(Reuters) - Five news organizations sued the U.S. Small Business Administration on Tuesday, asking the federal court in Washington, D.C., to order the SBA to comply with their requests under the Freedom of Information Act for the names of recipients of hundreds of billions of dollars of government loans under two COVID-19 assistance programs.
The Washington Post, Bloomberg, Dow Jones & Company Inc, Pro Publica and The New York Times Company allege that the SBA routinely provides information about borrowers who receive loans through the agency’s longstanding financial assistance program. In the Coronavirus Aid, Relief and Economic Security Act, Congress expanded that program in the $660 billion Paycheck Protection Program, which has already approved about 4 million loans, totaling more than $525 billion, to qualifying businesses and non-profits. Applicants for PPP loans were notified that their names and other identifying information were subject to FOIA requests. Yet the SBA has so far not disclosed who received loans under the PPP or the $50 billion Economic Injury Disaster Loan Program.

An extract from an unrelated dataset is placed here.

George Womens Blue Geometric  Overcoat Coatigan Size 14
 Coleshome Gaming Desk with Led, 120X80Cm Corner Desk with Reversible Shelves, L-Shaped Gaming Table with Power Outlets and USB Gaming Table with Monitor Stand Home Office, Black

That hasn’t been for lack of trying by the news organizations, according to the complaint. Each of them filed at least one FOIA request last month for the names of PPP recipients, as well as other information that the SBA typically discloses about borrowers. All asked for expedited processing of their requests, asserting the need for public oversight of the SBA programs, which are the pillar of the government’s economic response to COVID-19 shutdowns. The SBA either denied expedition or didn’t respond. So far, according to the new organizations’ lawyers at Ballard Spahr, the SBA has offered only boilerplate, suggesting that “in the near future,” it will attempt to disclose loan-specific data to the public.
“The SBA’s responses provide no concrete indication of what that data will include or when that data will actually be made available,” the complaint said.

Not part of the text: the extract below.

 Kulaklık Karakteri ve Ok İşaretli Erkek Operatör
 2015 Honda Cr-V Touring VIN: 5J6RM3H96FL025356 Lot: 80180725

SBA spokeswoman Carol Wilkerson declined my email request for comment on the lawsuit.
I don’t think there’s any doubt that U.S. taxpayers deserve to know as soon as possible who is getting our money. Remember, for all of the controversy over banks’ handling of PPP loan applications, financial institutions didn’t actually put up the money for the loans. That $660 billion comes from us. And the loans are forgivable if borrowers meet particular criteria for how they spend the money.
There’s already furor over who got PPP money. As the news organizations’ complaint discussed, well-capitalized public companies including Shake Shack and Ruth’s Chris Steak House returned PPP loans after criticism that the loans were intended for small businesses and nonprofits without other access to capital. The U.S. House of Representatives’ Committee on Oversight and Reform sent letters to five large public companies that received more than $10 million apiece in PPP loans, calling on them to give back the money. Elite private schools and well-endowed nonprofits have had to justify why they needed millions of dollars from a program billed as relief for small businesses with nowhere else to turn. Even the SBA’s inspector general said in a May 8 report on the PPP that rural businesses and those owned by women or minorities may not have received as large as share of the loan pool as Congress intended.
At the moment, we only know the identities of loan recipients that have admitted to receiving taxpayer money or have reported loans in public filings. That kind of piecemeal, distorted disclosure doesn’t serve the SBA or the government loan programs well. Of the millions of businesses and non-profits that received government loans to offset the impact of COVID-19, the overwhelming majority won’t be of public note – assuming, of course, that most of the money Congress allocated did, indeed, go to recipients without other options. It will enhance the credibility of the SBA, Congress and the financial institutions that processed the loans if taxpayers can look at the long list of recipients without recognizing their names. If, on the other hand, the list is laden with recognizable recipients, taxpayers deserve explanations.
Either way, we need to know. And we need to know soon.